Dataset excerpts:
# # # # # # #
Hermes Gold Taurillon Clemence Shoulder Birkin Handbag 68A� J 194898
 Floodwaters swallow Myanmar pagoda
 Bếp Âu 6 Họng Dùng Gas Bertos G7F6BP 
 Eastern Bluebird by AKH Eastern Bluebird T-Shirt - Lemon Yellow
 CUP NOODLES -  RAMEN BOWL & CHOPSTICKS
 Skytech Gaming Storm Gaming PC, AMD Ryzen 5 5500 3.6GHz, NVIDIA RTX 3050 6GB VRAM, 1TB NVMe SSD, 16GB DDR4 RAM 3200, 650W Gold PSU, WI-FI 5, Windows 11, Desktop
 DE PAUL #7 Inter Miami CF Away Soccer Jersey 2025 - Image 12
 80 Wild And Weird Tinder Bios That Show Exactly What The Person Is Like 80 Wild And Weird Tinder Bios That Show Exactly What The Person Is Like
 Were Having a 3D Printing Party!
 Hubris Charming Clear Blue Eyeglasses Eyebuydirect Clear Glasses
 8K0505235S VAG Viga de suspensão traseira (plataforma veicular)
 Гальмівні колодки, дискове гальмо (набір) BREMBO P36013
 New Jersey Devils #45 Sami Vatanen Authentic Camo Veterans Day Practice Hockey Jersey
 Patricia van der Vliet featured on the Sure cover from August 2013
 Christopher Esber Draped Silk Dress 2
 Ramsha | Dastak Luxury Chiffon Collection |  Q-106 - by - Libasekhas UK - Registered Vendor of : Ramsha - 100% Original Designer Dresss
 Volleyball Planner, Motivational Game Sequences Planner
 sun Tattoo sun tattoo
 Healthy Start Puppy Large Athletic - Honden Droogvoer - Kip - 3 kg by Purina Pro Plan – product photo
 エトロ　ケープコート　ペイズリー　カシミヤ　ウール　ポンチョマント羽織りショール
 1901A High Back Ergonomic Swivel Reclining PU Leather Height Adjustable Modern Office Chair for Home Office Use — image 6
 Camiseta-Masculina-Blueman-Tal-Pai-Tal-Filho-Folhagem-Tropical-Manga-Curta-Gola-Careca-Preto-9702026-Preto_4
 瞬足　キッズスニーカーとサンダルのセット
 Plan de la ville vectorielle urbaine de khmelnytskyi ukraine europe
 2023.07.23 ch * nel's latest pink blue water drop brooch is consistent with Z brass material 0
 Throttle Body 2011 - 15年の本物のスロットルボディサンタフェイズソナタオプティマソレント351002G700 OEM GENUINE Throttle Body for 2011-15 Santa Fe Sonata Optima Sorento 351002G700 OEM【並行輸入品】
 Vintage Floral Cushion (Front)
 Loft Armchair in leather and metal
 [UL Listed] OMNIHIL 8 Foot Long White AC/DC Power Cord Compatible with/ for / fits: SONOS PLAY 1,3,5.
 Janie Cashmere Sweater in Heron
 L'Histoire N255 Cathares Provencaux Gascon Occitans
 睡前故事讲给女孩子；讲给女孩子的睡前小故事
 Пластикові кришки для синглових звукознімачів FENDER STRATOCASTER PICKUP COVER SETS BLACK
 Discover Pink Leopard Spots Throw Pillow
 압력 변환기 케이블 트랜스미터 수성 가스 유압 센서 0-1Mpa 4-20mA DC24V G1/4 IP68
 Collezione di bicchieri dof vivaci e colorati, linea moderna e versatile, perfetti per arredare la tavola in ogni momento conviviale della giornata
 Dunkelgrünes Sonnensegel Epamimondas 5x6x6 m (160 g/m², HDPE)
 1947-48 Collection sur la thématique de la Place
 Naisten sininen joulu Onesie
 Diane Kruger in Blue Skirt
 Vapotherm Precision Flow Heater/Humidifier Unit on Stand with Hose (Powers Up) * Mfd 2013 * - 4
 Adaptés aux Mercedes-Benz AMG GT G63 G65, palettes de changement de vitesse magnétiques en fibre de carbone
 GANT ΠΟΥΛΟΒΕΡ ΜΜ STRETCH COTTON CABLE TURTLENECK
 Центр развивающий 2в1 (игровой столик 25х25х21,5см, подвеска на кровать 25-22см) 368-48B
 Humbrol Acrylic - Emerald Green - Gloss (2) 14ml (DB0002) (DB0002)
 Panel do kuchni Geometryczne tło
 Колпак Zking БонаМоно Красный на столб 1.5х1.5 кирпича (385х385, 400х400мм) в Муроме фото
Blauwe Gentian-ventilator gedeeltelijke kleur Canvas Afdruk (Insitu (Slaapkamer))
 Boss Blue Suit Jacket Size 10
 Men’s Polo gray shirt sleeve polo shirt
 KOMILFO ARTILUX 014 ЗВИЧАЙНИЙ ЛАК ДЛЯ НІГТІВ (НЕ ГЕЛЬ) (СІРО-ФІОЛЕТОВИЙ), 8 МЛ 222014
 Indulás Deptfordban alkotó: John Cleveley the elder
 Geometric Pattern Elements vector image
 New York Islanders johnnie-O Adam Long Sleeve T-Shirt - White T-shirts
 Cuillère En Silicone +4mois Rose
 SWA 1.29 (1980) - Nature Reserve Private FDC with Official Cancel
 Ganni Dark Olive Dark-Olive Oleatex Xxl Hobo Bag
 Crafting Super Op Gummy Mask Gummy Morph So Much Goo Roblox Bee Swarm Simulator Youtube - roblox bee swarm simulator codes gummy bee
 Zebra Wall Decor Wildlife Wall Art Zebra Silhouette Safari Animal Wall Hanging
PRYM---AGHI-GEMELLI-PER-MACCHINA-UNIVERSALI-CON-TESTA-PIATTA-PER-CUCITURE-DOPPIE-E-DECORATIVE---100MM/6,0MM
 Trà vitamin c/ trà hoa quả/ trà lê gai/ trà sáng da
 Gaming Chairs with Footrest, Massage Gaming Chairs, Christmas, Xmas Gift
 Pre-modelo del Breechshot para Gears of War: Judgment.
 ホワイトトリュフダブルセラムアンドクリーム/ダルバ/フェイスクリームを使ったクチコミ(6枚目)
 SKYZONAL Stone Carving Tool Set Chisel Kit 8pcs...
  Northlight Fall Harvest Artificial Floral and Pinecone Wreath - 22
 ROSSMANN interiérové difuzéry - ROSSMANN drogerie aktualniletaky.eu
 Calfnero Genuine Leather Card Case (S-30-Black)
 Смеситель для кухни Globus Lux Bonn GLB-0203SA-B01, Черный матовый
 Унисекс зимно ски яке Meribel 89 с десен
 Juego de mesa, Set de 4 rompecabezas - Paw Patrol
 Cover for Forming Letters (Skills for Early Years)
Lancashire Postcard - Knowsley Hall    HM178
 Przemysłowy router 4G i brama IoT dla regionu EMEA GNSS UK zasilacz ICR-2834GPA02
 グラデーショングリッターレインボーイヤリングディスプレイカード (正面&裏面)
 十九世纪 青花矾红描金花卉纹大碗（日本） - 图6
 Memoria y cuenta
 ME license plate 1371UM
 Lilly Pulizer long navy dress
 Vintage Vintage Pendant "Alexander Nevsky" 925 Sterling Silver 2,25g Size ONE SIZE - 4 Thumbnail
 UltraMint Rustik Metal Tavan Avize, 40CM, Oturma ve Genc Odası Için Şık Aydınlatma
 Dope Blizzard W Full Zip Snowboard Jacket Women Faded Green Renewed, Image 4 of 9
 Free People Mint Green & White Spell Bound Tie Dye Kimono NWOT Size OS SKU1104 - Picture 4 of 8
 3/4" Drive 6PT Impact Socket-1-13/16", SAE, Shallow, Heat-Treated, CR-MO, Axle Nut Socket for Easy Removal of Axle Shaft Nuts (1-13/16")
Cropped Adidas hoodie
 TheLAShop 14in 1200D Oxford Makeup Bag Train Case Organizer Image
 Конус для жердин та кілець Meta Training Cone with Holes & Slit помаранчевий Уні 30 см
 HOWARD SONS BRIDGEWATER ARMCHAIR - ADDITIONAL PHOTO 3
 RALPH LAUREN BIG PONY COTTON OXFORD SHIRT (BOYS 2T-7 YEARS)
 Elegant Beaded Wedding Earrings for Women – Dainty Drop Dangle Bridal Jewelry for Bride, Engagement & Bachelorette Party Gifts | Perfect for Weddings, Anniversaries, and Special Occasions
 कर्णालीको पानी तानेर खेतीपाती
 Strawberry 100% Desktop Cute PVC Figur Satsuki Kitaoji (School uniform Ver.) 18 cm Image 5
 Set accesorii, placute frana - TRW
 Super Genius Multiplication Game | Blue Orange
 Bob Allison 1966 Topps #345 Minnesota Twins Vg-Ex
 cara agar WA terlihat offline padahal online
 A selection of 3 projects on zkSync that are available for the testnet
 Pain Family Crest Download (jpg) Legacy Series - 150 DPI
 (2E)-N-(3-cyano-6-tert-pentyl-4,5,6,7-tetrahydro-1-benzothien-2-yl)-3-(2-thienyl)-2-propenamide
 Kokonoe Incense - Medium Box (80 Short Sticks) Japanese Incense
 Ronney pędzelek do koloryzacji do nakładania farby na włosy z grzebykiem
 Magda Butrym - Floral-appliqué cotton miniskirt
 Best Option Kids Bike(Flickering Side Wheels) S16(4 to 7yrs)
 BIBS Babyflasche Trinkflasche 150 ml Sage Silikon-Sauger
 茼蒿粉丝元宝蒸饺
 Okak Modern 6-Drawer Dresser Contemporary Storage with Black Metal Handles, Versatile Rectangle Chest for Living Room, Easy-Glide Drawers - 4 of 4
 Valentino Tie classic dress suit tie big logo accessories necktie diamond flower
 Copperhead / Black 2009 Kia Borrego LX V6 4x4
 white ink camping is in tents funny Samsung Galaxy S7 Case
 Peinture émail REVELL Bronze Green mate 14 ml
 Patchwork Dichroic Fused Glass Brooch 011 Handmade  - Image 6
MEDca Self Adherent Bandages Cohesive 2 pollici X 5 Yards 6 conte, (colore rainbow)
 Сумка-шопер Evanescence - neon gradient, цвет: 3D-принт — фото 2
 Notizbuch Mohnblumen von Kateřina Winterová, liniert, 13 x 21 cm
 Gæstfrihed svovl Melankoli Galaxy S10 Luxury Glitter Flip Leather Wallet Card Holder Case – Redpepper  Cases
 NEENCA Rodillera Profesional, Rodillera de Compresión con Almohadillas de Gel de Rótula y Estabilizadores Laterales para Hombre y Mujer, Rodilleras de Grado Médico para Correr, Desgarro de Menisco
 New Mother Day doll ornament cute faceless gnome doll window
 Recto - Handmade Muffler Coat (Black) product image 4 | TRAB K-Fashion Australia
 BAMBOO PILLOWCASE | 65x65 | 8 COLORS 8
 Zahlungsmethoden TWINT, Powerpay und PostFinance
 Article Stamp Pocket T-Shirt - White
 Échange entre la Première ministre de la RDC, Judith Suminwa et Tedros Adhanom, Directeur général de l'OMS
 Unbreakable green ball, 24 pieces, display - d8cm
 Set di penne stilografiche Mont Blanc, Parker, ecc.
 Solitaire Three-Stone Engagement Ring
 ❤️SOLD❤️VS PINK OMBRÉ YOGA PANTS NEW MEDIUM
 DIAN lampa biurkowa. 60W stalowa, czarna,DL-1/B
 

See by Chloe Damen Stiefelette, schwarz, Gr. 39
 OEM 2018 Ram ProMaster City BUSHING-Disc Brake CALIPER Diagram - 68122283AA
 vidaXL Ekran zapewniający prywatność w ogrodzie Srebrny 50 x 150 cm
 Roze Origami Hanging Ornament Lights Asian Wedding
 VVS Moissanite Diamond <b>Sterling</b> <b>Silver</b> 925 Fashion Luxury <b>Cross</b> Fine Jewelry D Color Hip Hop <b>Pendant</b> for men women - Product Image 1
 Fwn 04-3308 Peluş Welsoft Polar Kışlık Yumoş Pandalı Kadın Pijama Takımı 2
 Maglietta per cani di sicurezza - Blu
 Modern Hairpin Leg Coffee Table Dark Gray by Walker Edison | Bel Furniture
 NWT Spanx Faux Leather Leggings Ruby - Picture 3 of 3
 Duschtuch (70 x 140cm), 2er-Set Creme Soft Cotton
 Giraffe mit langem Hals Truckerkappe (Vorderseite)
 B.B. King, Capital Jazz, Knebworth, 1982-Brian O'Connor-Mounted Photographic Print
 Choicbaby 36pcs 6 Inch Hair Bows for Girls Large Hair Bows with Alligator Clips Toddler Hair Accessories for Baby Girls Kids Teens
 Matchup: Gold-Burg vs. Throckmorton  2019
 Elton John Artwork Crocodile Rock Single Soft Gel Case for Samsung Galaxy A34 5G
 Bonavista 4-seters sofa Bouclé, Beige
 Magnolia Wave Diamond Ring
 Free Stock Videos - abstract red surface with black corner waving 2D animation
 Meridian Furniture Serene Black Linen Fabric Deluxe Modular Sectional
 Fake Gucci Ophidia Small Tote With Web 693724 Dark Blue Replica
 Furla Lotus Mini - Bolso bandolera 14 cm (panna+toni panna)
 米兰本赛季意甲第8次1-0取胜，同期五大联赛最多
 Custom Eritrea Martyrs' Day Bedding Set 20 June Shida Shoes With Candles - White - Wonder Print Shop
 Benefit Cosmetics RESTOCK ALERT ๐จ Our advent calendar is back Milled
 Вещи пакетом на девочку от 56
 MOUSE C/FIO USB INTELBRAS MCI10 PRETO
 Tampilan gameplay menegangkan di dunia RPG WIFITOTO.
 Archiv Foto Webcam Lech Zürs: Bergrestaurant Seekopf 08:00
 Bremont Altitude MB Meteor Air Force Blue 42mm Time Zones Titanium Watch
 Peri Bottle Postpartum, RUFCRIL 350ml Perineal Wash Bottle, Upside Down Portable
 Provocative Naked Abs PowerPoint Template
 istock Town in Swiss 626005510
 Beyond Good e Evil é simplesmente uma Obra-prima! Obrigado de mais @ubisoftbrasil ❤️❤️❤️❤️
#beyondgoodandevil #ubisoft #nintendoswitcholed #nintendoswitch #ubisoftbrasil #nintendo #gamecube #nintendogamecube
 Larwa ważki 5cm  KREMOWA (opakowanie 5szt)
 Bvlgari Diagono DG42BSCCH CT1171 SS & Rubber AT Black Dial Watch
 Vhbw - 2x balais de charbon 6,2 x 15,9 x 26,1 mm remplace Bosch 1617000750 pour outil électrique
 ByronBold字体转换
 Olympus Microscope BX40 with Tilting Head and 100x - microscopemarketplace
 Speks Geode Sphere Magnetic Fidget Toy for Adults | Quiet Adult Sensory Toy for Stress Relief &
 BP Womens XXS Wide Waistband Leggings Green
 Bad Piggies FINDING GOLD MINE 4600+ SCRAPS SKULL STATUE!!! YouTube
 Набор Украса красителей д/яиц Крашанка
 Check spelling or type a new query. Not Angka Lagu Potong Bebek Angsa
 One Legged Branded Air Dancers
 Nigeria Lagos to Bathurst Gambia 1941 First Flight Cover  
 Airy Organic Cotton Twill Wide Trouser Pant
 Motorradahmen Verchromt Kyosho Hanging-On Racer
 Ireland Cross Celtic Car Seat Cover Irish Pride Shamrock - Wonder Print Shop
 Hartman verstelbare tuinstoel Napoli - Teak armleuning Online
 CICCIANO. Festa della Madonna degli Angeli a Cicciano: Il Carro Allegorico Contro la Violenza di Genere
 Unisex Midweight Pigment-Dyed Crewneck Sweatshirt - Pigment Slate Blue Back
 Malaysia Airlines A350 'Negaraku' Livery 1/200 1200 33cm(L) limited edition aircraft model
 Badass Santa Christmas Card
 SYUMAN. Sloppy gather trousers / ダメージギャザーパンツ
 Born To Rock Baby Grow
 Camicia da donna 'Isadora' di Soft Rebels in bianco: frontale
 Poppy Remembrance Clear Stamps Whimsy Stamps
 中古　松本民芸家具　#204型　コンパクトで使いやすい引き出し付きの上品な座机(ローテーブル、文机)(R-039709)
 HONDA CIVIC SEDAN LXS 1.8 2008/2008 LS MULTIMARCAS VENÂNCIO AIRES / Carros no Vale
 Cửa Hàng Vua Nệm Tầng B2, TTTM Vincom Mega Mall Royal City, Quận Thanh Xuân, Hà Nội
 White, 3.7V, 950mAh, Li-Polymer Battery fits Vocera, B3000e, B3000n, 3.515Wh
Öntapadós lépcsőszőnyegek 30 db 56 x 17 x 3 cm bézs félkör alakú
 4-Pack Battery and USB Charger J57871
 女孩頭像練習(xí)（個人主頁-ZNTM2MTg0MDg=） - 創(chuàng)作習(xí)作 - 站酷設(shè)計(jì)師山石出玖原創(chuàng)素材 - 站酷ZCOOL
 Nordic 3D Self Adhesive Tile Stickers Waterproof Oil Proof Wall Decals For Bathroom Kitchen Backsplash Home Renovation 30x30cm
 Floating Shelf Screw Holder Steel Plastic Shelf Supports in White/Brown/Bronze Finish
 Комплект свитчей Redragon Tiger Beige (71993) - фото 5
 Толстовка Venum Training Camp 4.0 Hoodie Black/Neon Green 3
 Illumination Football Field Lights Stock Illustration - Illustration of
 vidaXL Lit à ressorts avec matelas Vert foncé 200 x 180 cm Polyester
# # # # # # #
Task directions: Can you write out the lines above, from the first one through the one containing "Discover Pink Leopard Spots Throw Pillow", exactly as they appear and nothing more?

Response to the task:
Hermes Gold Taurillon Clemence Shoulder Birkin Handbag 68A� J 194898
 Floodwaters swallow Myanmar pagoda
 Bếp Âu 6 Họng Dùng Gas Bertos G7F6BP 
 Eastern Bluebird by AKH Eastern Bluebird T-Shirt - Lemon Yellow
 CUP NOODLES -  RAMEN BOWL & CHOPSTICKS
 Skytech Gaming Storm Gaming PC, AMD Ryzen 5 5500 3.6GHz, NVIDIA RTX 3050 6GB VRAM, 1TB NVMe SSD, 16GB DDR4 RAM 3200, 650W Gold PSU, WI-FI 5, Windows 11, Desktop
 DE PAUL #7 Inter Miami CF Away Soccer Jersey 2025 - Image 12
 80 Wild And Weird Tinder Bios That Show Exactly What The Person Is Like 80 Wild And Weird Tinder Bios That Show Exactly What The Person Is Like
 Were Having a 3D Printing Party!
 Hubris Charming Clear Blue Eyeglasses Eyebuydirect Clear Glasses
 8K0505235S VAG Viga de suspensão traseira (plataforma veicular)
 Гальмівні колодки, дискове гальмо (набір) BREMBO P36013
 New Jersey Devils #45 Sami Vatanen Authentic Camo Veterans Day Practice Hockey Jersey
 Patricia van der Vliet featured on the Sure cover from August 2013
 Christopher Esber Draped Silk Dress 2
 Ramsha | Dastak Luxury Chiffon Collection |  Q-106 - by - Libasekhas UK - Registered Vendor of : Ramsha - 100% Original Designer Dresss
 Volleyball Planner, Motivational Game Sequences Planner
 sun Tattoo sun tattoo
 Healthy Start Puppy Large Athletic - Honden Droogvoer - Kip - 3 kg by Purina Pro Plan – product photo
 エトロ　ケープコート　ペイズリー　カシミヤ　ウール　ポンチョマント羽織りショール
 1901A High Back Ergonomic Swivel Reclining PU Leather Height Adjustable Modern Office Chair for Home Office Use — image 6
 Camiseta-Masculina-Blueman-Tal-Pai-Tal-Filho-Folhagem-Tropical-Manga-Curta-Gola-Careca-Preto-9702026-Preto_4
 瞬足　キッズスニーカーとサンダルのセット
 Plan de la ville vectorielle urbaine de khmelnytskyi ukraine europe
 2023.07.23 ch * nel's latest pink blue water drop brooch is consistent with Z brass material 0
 Throttle Body 2011 - 15年の本物のスロットルボディサンタフェイズソナタオプティマソレント351002G700 OEM GENUINE Throttle Body for 2011-15 Santa Fe Sonata Optima Sorento 351002G700 OEM【並行輸入品】
 Vintage Floral Cushion (Front)
 Loft Armchair in leather and metal
 [UL Listed] OMNIHIL 8 Foot Long White AC/DC Power Cord Compatible with/ for / fits: SONOS PLAY 1,3,5.
 Janie Cashmere Sweater in Heron
 L'Histoire N255 Cathares Provencaux Gascon Occitans
 睡前故事讲给女孩子；讲给女孩子的睡前小故事
 Пластикові кришки для синглових звукознімачів FENDER STRATOCASTER PICKUP COVER SETS BLACK
 Discover Pink Leopard Spots Throw Pillow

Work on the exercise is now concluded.